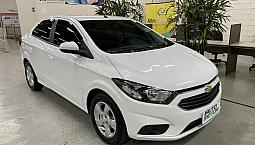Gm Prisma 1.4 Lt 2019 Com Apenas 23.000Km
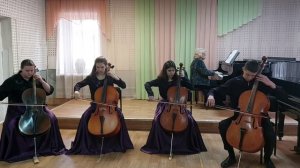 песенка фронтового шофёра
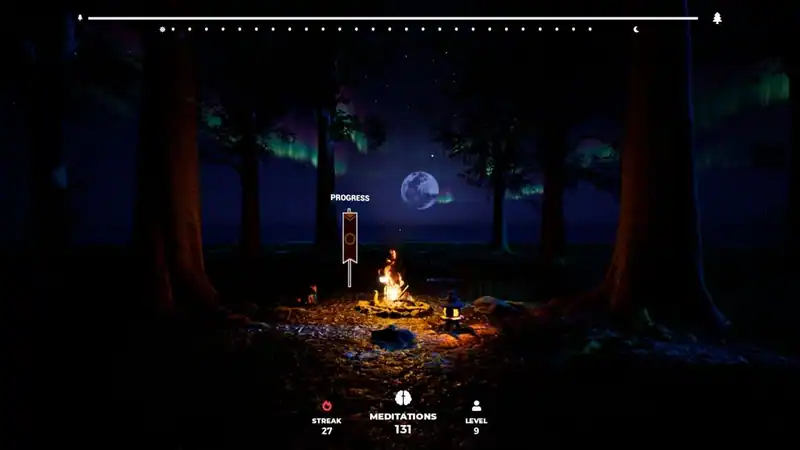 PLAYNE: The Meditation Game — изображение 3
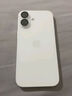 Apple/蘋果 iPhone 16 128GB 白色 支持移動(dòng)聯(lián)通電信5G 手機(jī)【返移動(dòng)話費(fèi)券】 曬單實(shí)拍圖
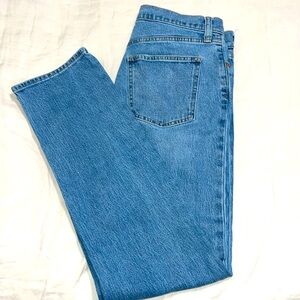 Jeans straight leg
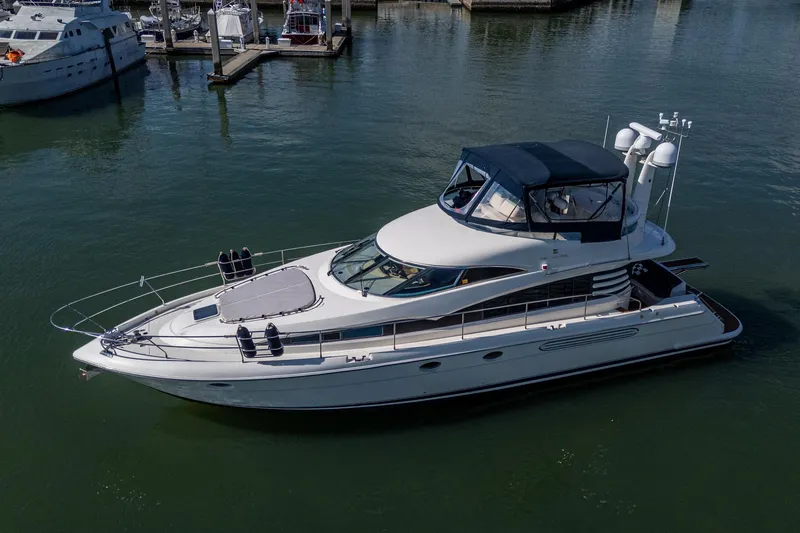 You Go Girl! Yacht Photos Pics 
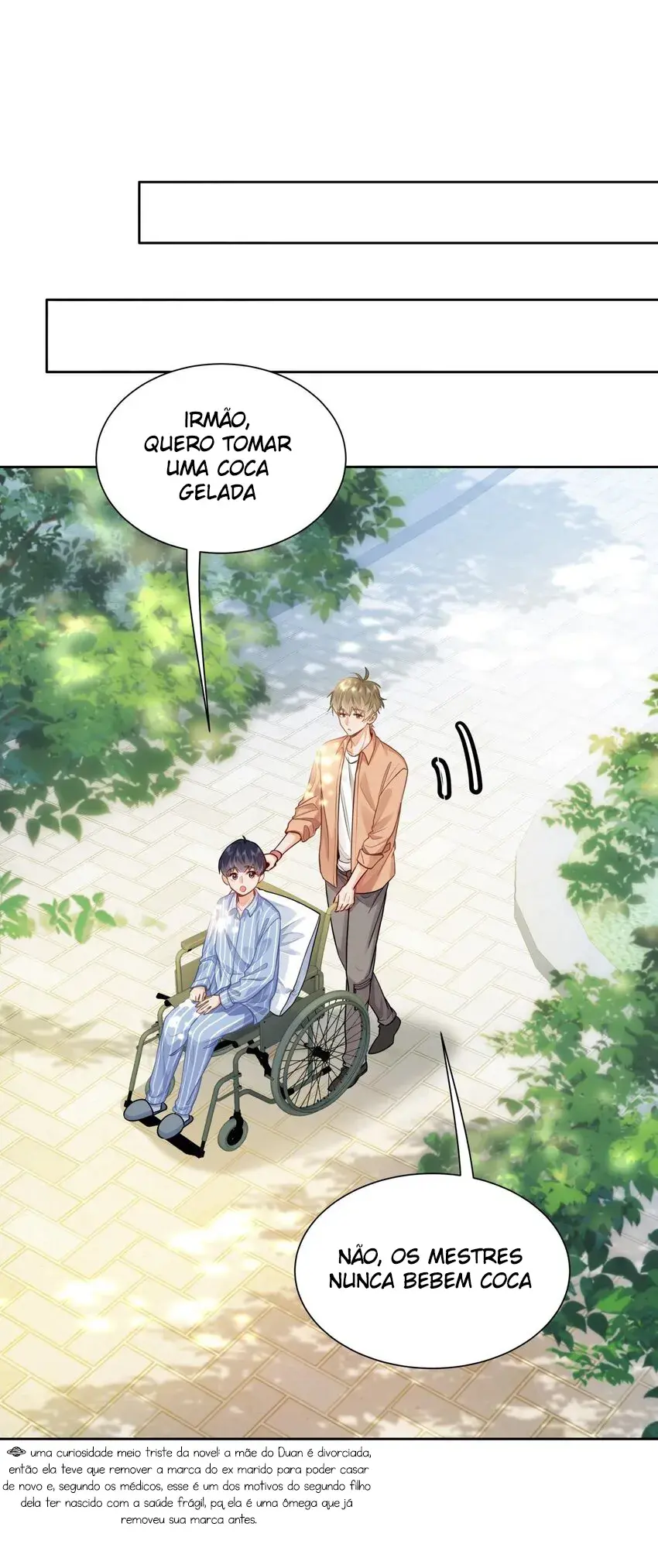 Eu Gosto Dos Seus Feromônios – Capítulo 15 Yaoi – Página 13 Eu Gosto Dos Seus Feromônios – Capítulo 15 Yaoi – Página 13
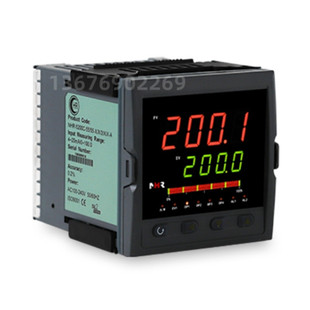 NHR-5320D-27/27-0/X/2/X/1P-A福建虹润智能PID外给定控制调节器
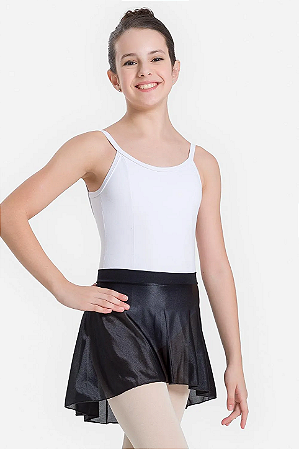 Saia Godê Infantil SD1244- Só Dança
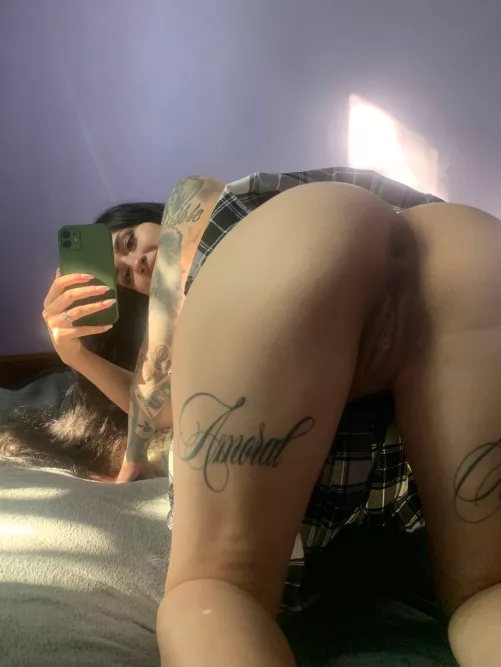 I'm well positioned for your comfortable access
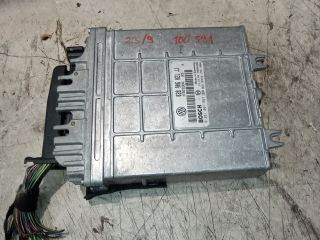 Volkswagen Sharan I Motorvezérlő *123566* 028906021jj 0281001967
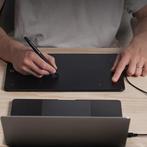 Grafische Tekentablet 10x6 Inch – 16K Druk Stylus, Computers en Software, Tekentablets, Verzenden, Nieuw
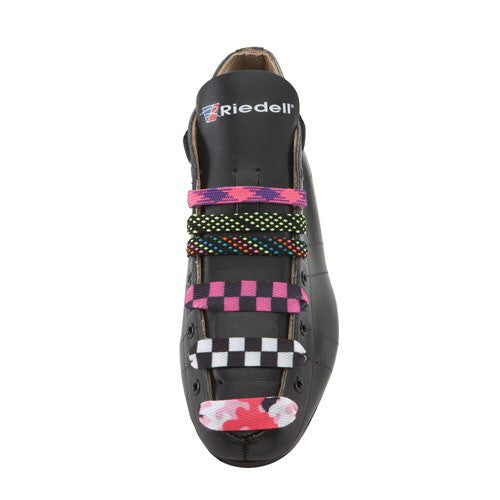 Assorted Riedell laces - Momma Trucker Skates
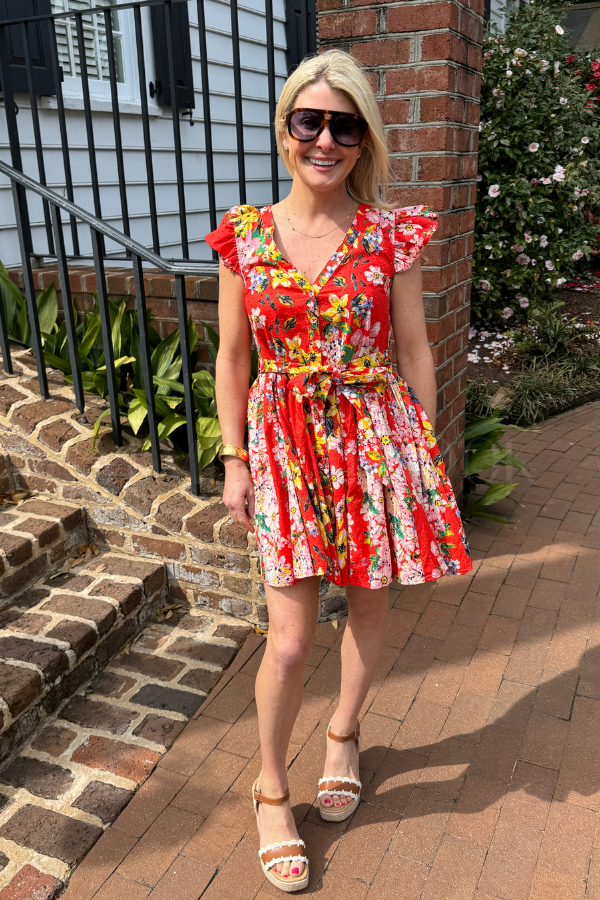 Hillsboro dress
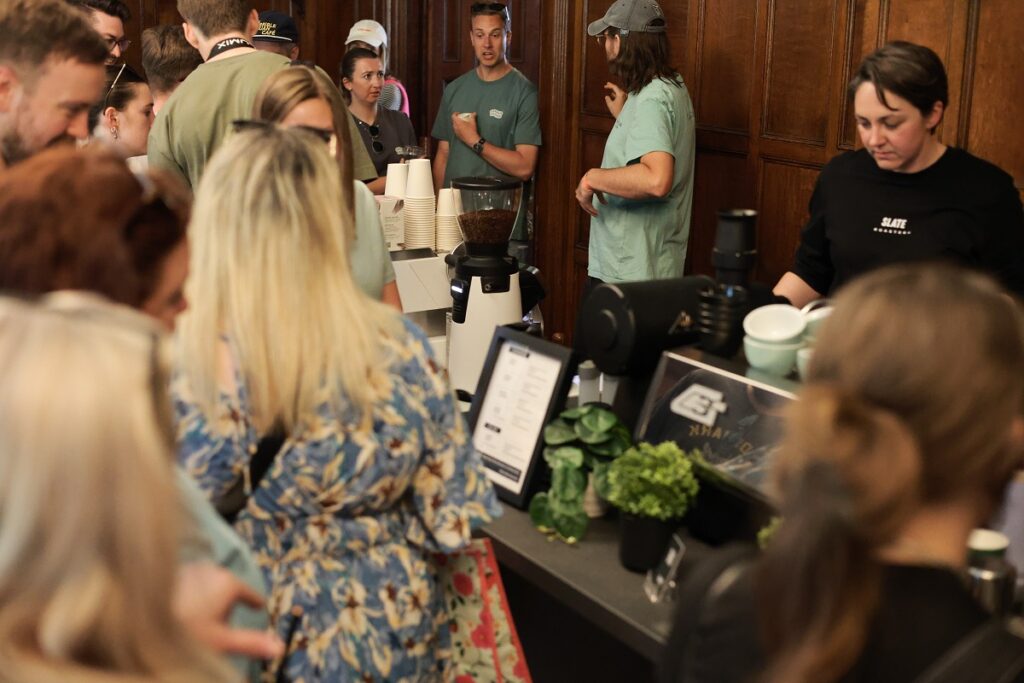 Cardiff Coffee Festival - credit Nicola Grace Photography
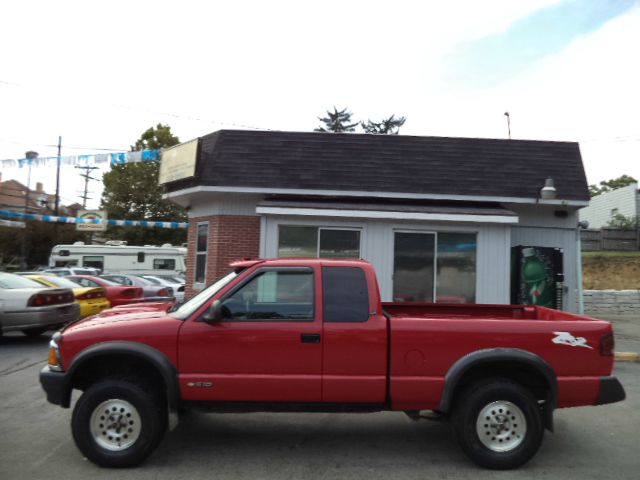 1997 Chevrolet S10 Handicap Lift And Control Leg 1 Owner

[Aim of the exercise]:
Omit the pictures, and quote the material above exactly as given.

[Solution for this problem]:
Gm Prisma 1.4 Lt 2019 Com Apenas 23.000Km
 песенка фронтового шофёра
 PLAYNE: The Meditation Game — изображение 3
 Apple/蘋果 iPhone 16 128GB 白色 支持移動(dòng)聯(lián)通電信5G 手機(jī)【返移動(dòng)話費(fèi)券】 曬單實(shí)拍圖
 Jeans straight leg
 You Go Girl! Yacht Photos Pics 
 Eu Gosto Dos Seus Feromônios – Capítulo 15 Yaoi – Página 13 Eu Gosto Dos Seus Feromônios – Capítulo 15 Yaoi – Página 13
 NHR-5320D-27/27-0/X/2/X/1P-A福建虹润智能PID外给定控制调节器
 Saia Godê Infantil SD1244- Só Dança
 I'm well positioned for your comfortable access
 Volkswagen Sharan I Motorvezérlő *123566* 028906021jj 0281001967
 Grafische Tekentablet 10x6 Inch – 16K Druk Stylus, Computers en Software, Tekentablets, Verzenden, Nieuw
 Assorted Riedell laces - Momma Trucker Skates
 Hillsboro dress
 Cardiff Coffee Festival - credit Nicola Grace Photography
 1997 Chevrolet S10 Handicap Lift And Control Leg 1 Owner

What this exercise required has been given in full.